Lebih menyakitkan lagi, berbagai aksesoris jembatan bagian yang dulu memperindah wajahnya dan memberi identitas arsitektural khas kini banyak yang hilang.
Hilang secara perlahan, tanpa ada penjelasan pasti, tanpa upaya penggantian atau pemulihan.
Apakah raib karena ulah tangan-tangan tak bertanggung jawab? Apakah karena kelalaian dalam pengawasan dan pemeliharaan? Yang jelas, diamnya pemerintah dan masyarakat terhadap kondisi ini sangat menyedihkan.
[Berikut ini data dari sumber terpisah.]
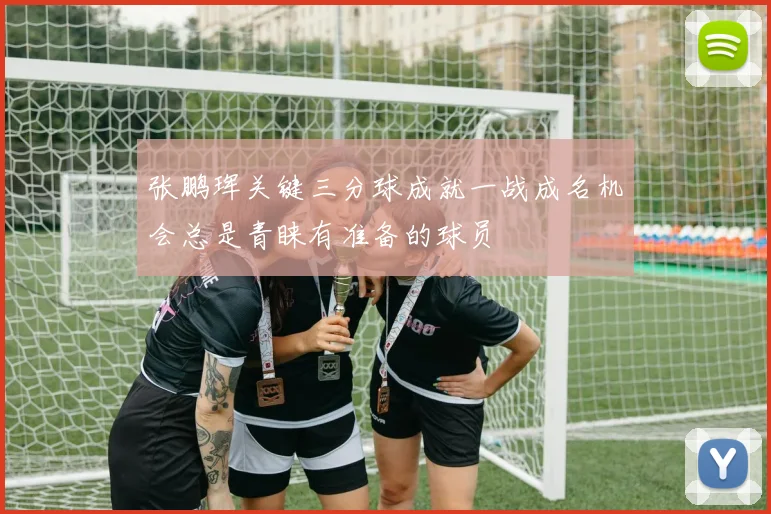 张鹏珲关键三分球成就一战成名机会总是青睐有准备的球员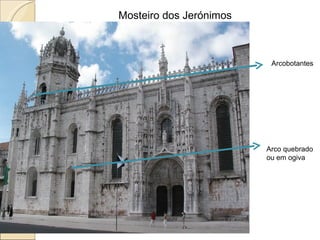 Arco quebrado ou em ogiva Arcobotantes Mosteiro dos Jerónimos 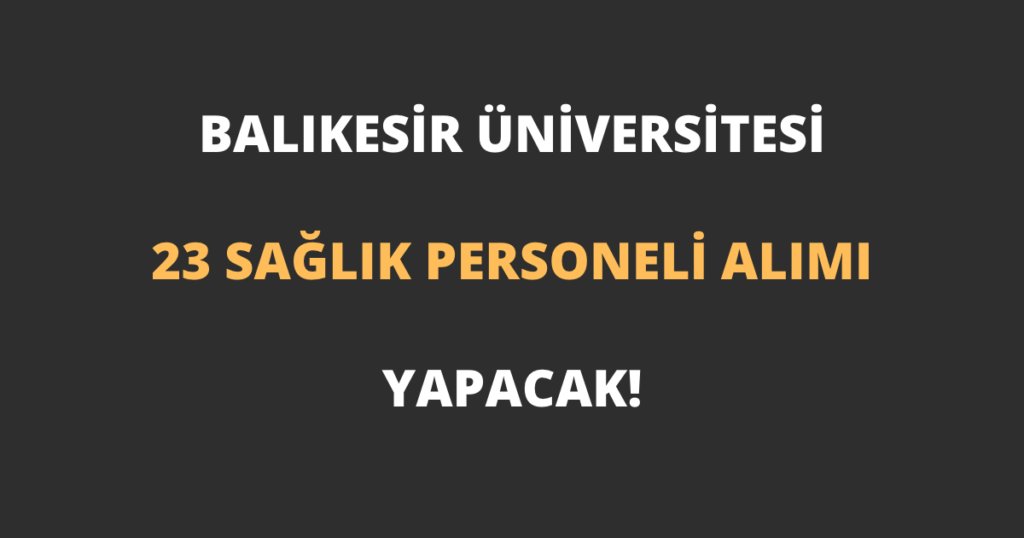 Balıkesir Üniversitesi 23 Sağlık Personeli Alımı Yapacak!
Kita sedang menyaksikan bagaimana sebuah infrastruktur yang pernah dielu-elukan dan menjadi titik balik pembangunan, kini merosot perlahan karena kurangnya perhatian.
Ironis, ketika pemerintah pusat terus menggencarkan pembangunan infrastruktur di berbagai penjuru negeri, justru sebuah jembatan strategis dan historis di Kalimantan Barat tampak dibiarkan merana, perlahan kehilangan pesonanya.
Pembangunan fisik hanyalah separuh dari cerita sukses sebuah infrastruktur.
Separuh lainnya terletak pada keberlanjutan, perawatan, dan kepedulian terhadap umur manfaatnya.
Apa artinya menghabiskan triliunan rupiah jika pada akhirnya hasil pembangunan itu tak dirawat? Apa gunanya kita membanggakan jembatan ini sebagai penghubung provinsi dan penggerak ekonomi jika tampilan dan kondisinya tidak menunjukkan wibawa dan peran strategis tersebut?
Keprihatinan ini mestinya tidak berhenti hanya pada keluhan di media sosial atau bisik-bisik warga. Pemerintah daerah, khususnya Kabupaten Sanggau dan Provinsi Kalimantan Barat, harus segera mengambil langkah konkret.
Perbaikan lampu penerangan dan pemulihan aksesoris bukanlah perkara mewah, melainkan kebutuhan dasar untuk menjaga fungsi, keamanan, dan wibawa jembatan.
Koordinasi lintas instansi harus digerakkan untuk memastikan pengawasan dilakukan secara berkala, dan alokasi anggaran pemeliharaan tidak sekadar formalitas di atas kertas.
Namun, bukan hanya pemerintah yang harus bertindak. Masyarakat pun mesti dibangunkan dari tidur panjang kepedulian. Rasa memiliki terhadap fasilitas umum seperti Jembatan Kapuas Tayan harus ditumbuhkan kembali.
Tidak bisa terus-menerus kita biarkan aset negara dirusak oleh oknum, atau diabaikan oleh publik karena merasa “bukan urusan saya”. Kita perlu menumbuhkan budaya merawat, bukan sekadar menikmati.
Jembatan Kapuas Tayan adalah simbol. Ia menjadi saksi tekad pemerintah membangun dari pinggiran, memperkuat konektivitas, dan mengangkat Kalimantan sebagai poros pertumbuhan baru.
Tapi hari ini, simbol itu sedang memudar. Jika kita terus abai, bisa jadi dalam waktu dekat ia akan kehilangan maknanya.
Dan saat itu terjadi, bukan hanya jembatan yang runtuh secara simbolik, tetapi juga semangat dan penghargaan kita terhadap hasil pembangunan itu sendiri.
Masih belum terlambat untuk peduli. Tapi waktu tidak menunggu. Lantas, siapa yang mesti peduli, apakah wakil rakyat, pemerintah, masyarakat atau siapa?? [ red ].